### BRIEF
Transcribe each line below verbatim; pictures excluded.

### DATA

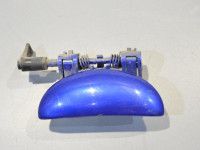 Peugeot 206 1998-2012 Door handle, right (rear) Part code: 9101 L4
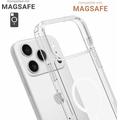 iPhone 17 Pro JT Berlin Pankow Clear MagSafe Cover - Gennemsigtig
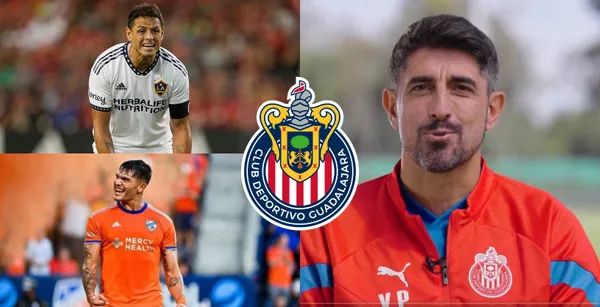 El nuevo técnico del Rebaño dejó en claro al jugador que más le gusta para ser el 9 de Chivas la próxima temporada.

### ANSWER BOX
 Peugeot 206 1998-2012 Door handle, right (rear) Part code: 9101 L4
 iPhone 17 Pro JT Berlin Pankow Clear MagSafe Cover - Gennemsigtig
 El nuevo técnico del Rebaño dejó en claro al jugador que más le gusta para ser el 9 de Chivas la próxima temporada.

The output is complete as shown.